Re: [PATCH v4] /dev/mem: Revoke mappings when a driver claims the region
From: Dan Williams
Date: Thu Jun 03 2021 - 14:29:59 EST
On Thu, Jun 3, 2021 at 11:12 AM Bjorn Helgaas <helgaas@xxxxxxxxxx> wrote:
>
> On Wed, Jun 02, 2021 at 09:15:35PM -0700, Dan Williams wrote:
> > On Wed, Jun 2, 2021 at 8:40 PM Bjorn Helgaas <helgaas@xxxxxxxxxx> wrote:
> > >
> > > [+cc Pali, Oliver]
> > >
> > > On Thu, May 27, 2021 at 02:30:31PM -0700, Dan Williams wrote:
> > > > On Thu, May 27, 2021 at 1:58 PM Bjorn Helgaas <helgaas@xxxxxxxxxx> wrote:
> > > > >
> > > > > [+cc Daniel, Krzysztof, Jason, Christoph, linux-pci]
> > > > >
> > > > > On Thu, May 21, 2020 at 02:06:17PM -0700, Dan Williams wrote:
> > > > > > Close the hole of holding a mapping over kernel driver takeover event of
> > > > > > a given address range.
> > > > > >
> > > > > > Commit 90a545e98126 ("restrict /dev/mem to idle io memory ranges")

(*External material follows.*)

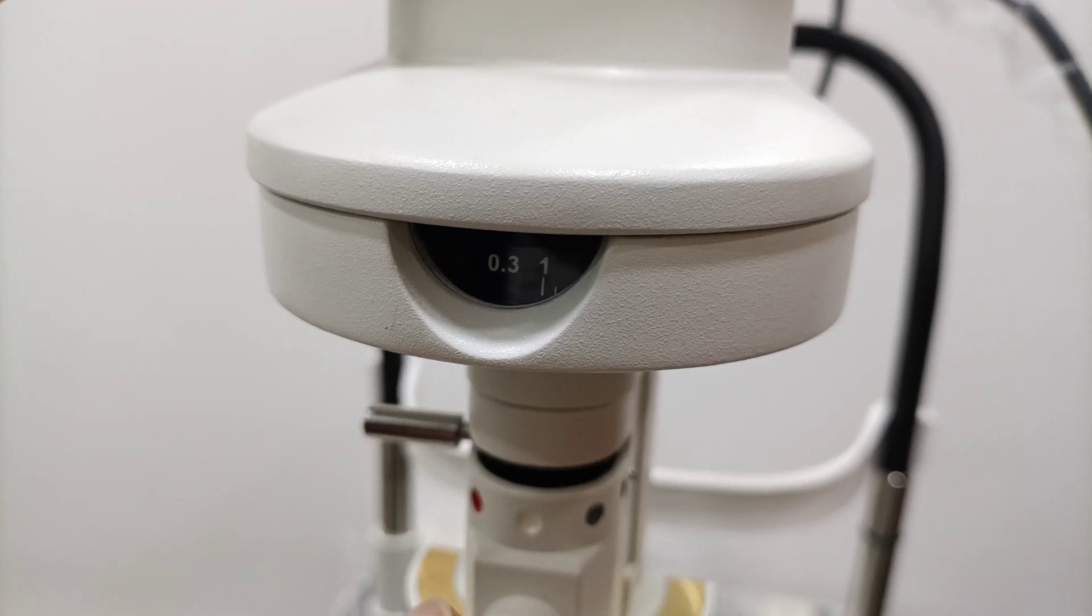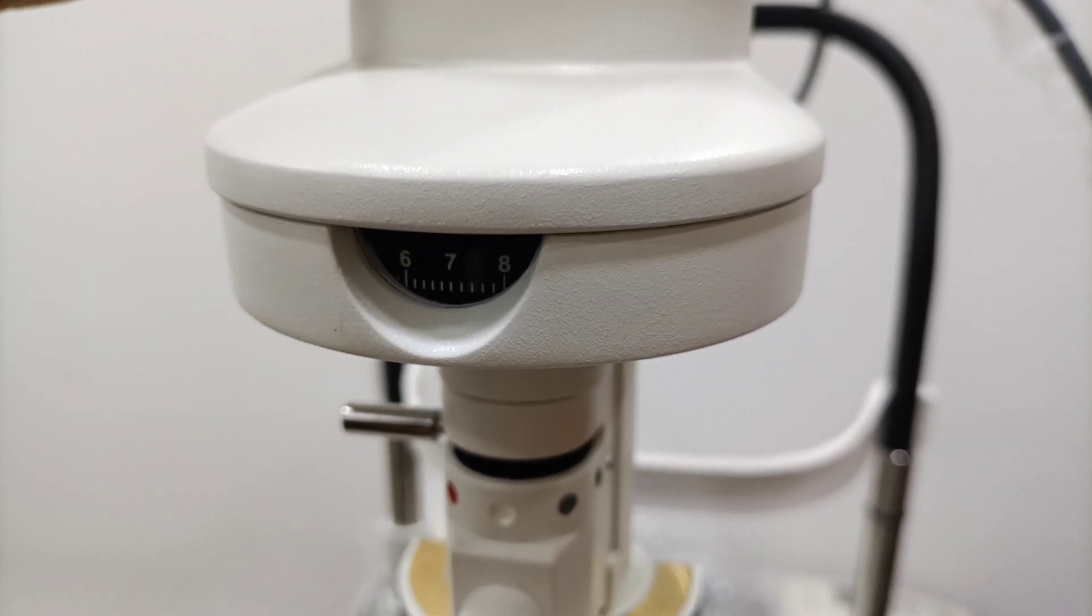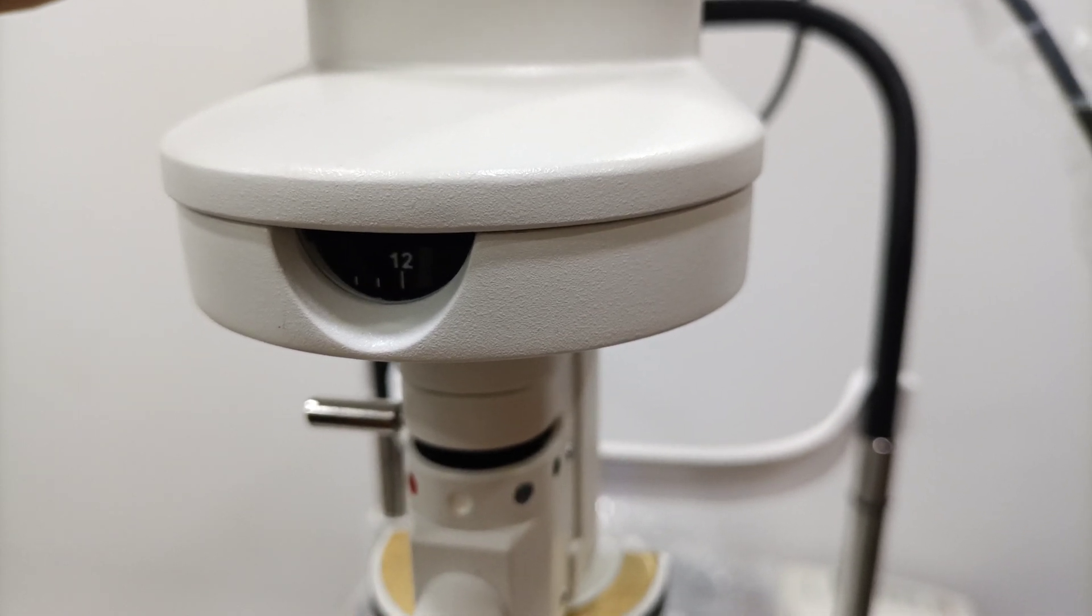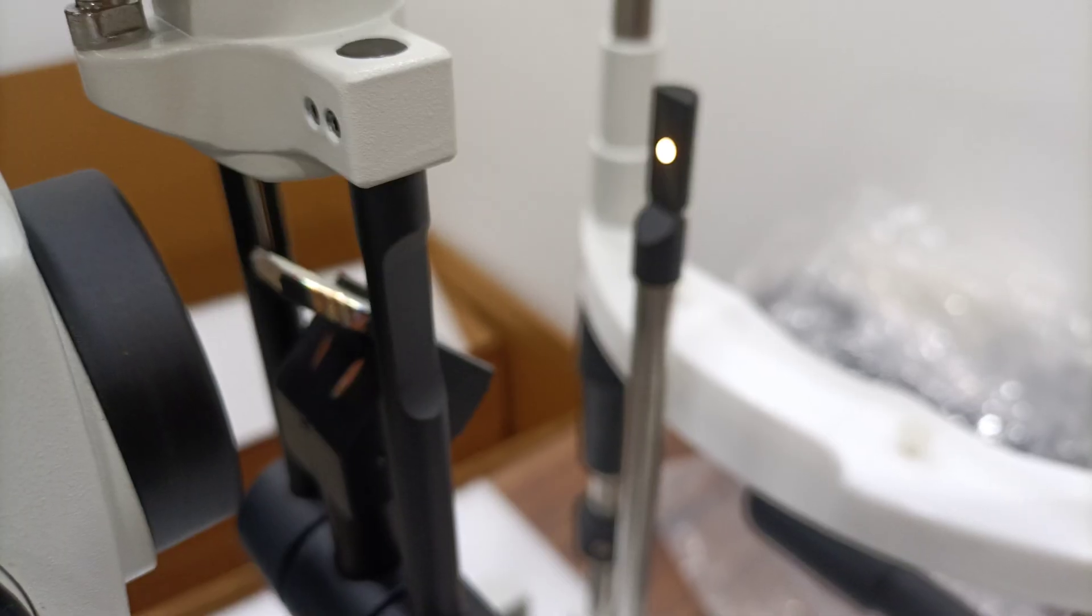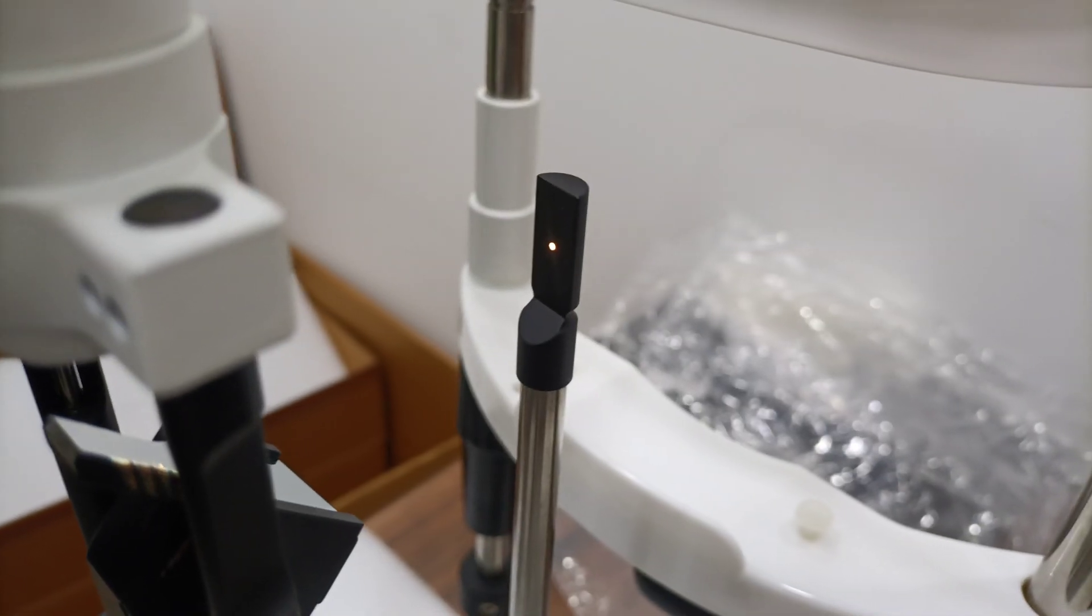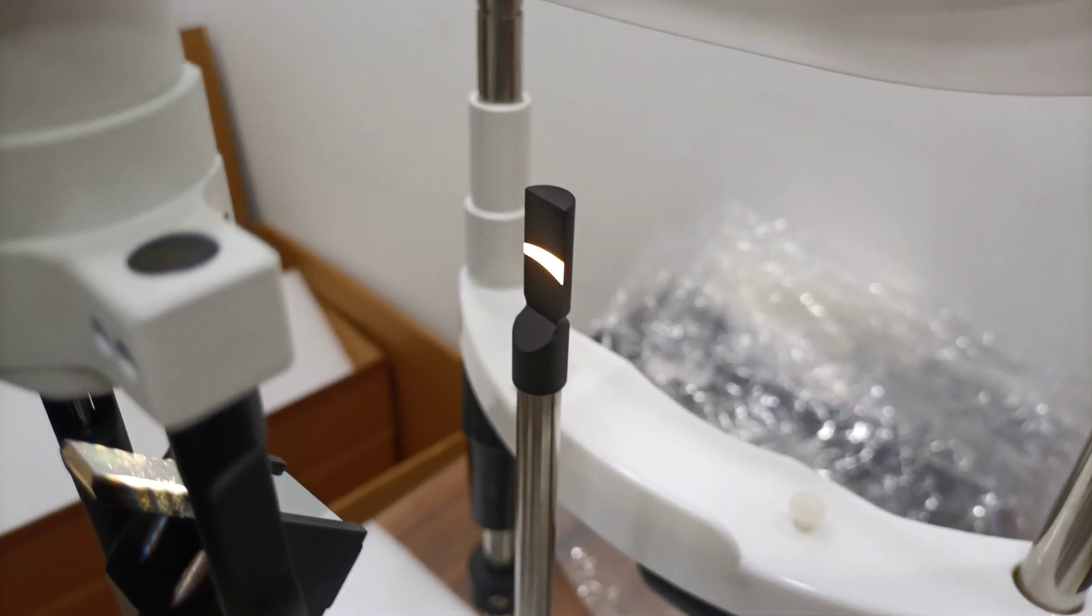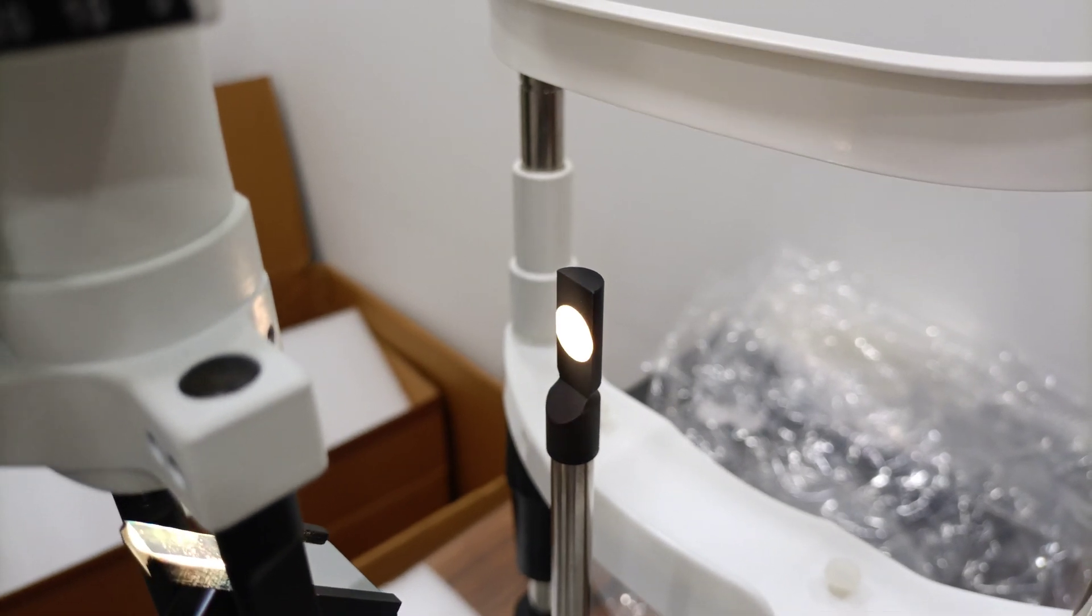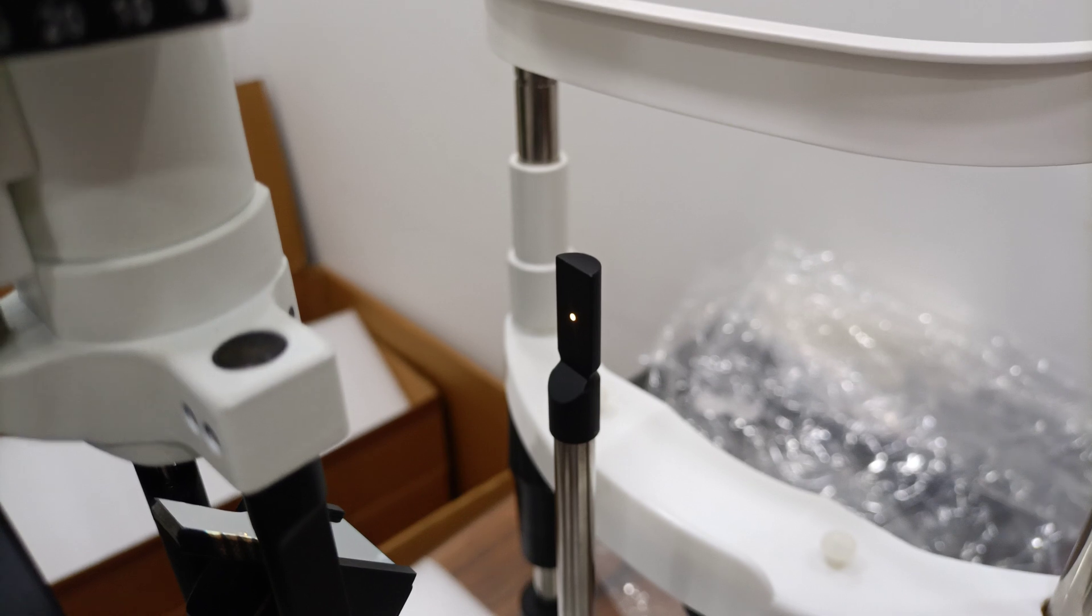Aperture available. 0.3, 1, 2, 3, 4, 5, 6, 7, 8, 9, 10, 11, 12, and other aperture sizes available.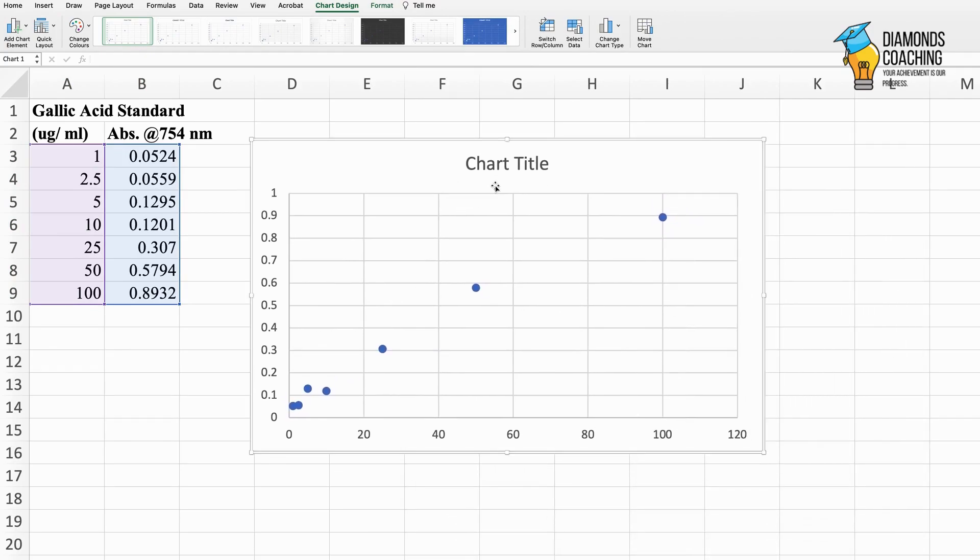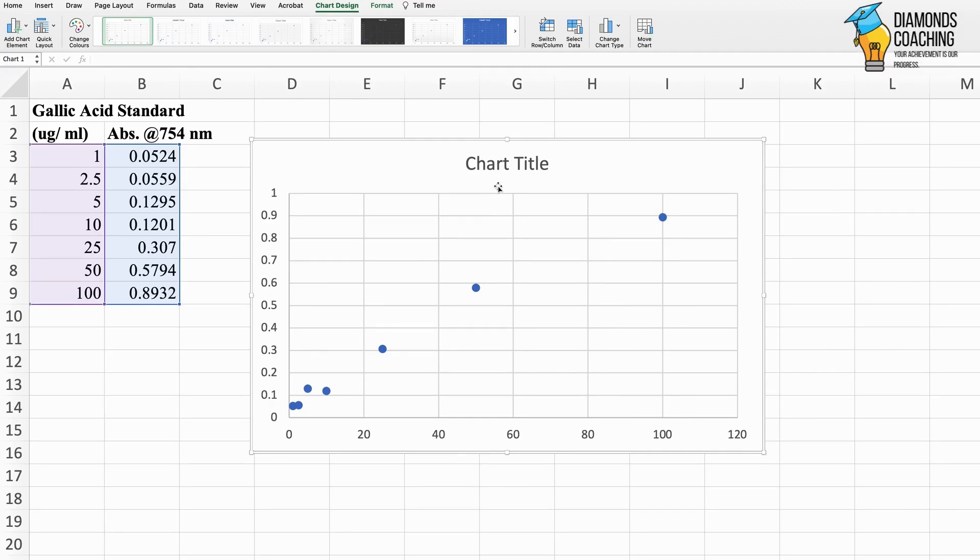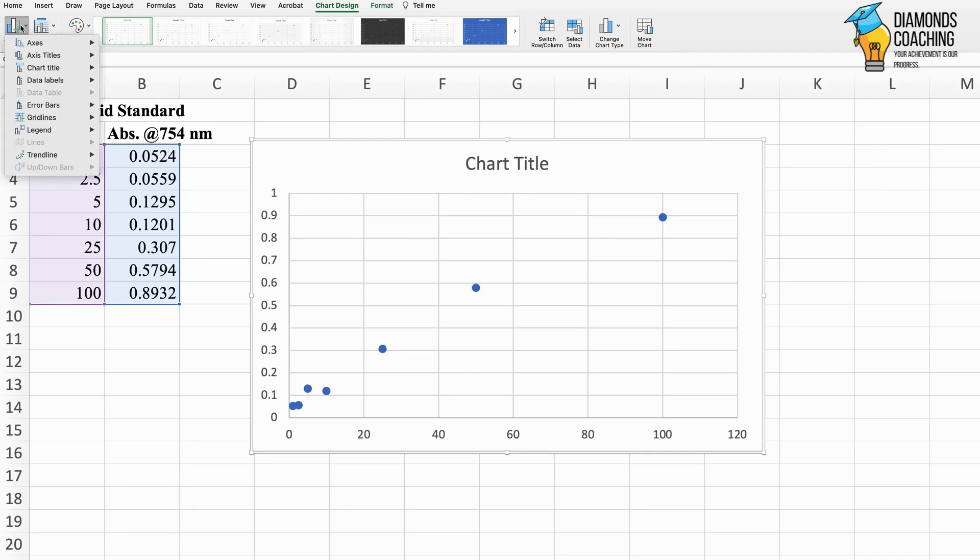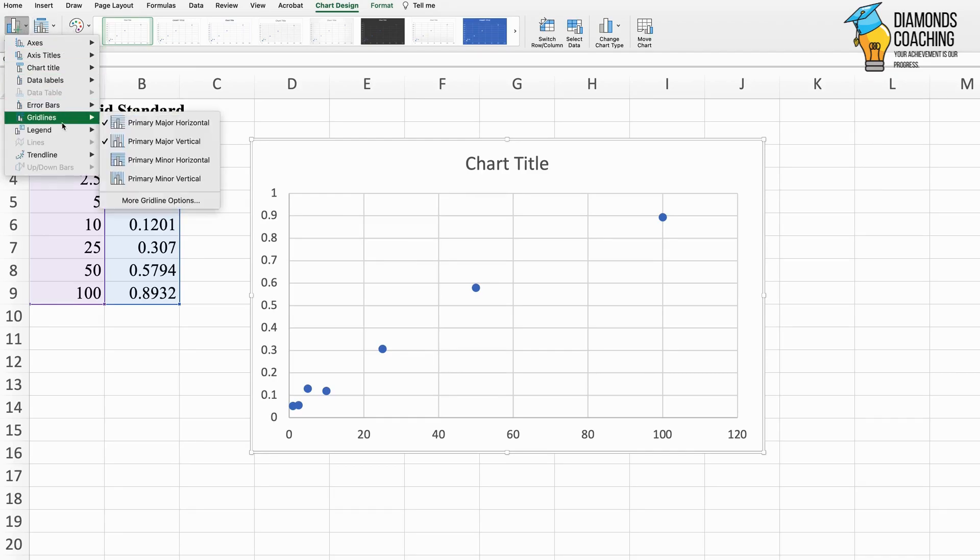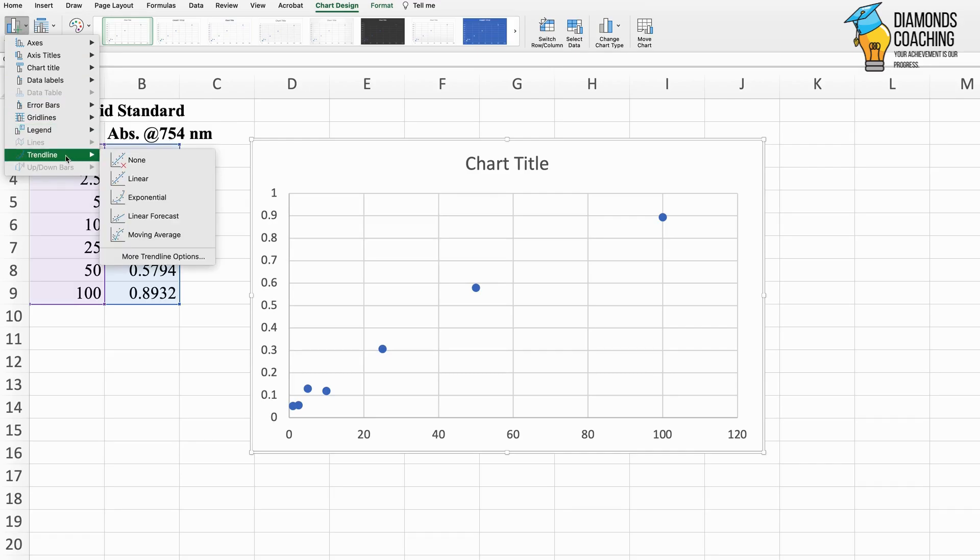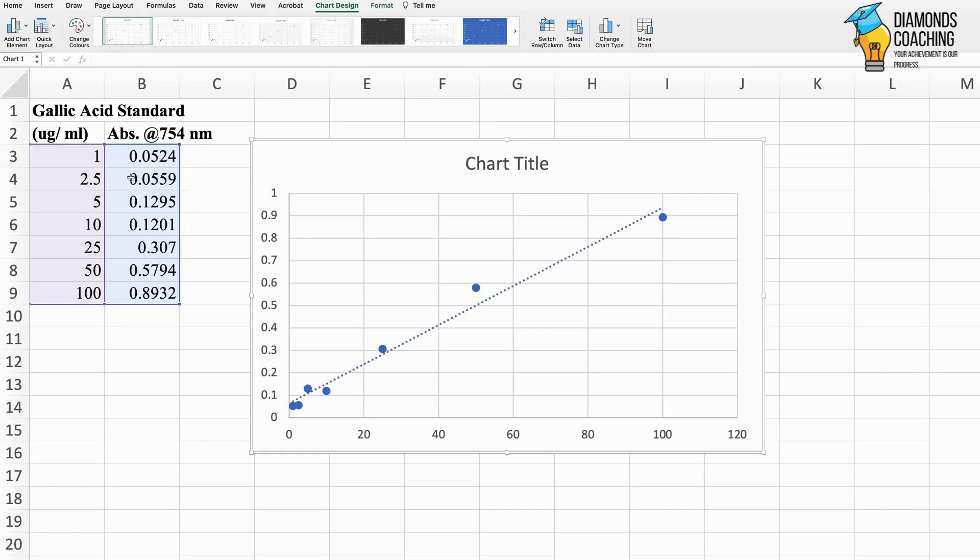Now I want to add certain elements where I will also add the equation, that is y = mx + c, from where we calculated the phenolic content in the previous video. Let me add the elements. I'll first add chart element and add a trend line, which is a linear trend line.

> > > > > > introduced CONFIG_IO_STRICT_DEVMEM with the goal of protecting the
> > > > > > kernel against scenarios where a /dev/mem user tramples memory that a
> > > > > > kernel driver owns. However, this protection only prevents *new* read(),
> > > > > > write() and mmap() requests. Established mappings prior to the driver
> > > > > > calling request_mem_region() are left alone.
> > > > > >
> > > > > > Especially with persistent memory, and the core kernel metadata that is
> > > > > > stored there, there are plentiful scenarios for a /dev/mem user to
> > > > > > violate the expectations of the driver and cause amplified damage.
> > > > > >
> > > > > > Teach request_mem_region() to find and shoot down active /dev/mem
> > > > > > mappings that it believes it has successfully claimed for the exclusive
> > > > > > use of the driver. Effectively a driver call to request_mem_region()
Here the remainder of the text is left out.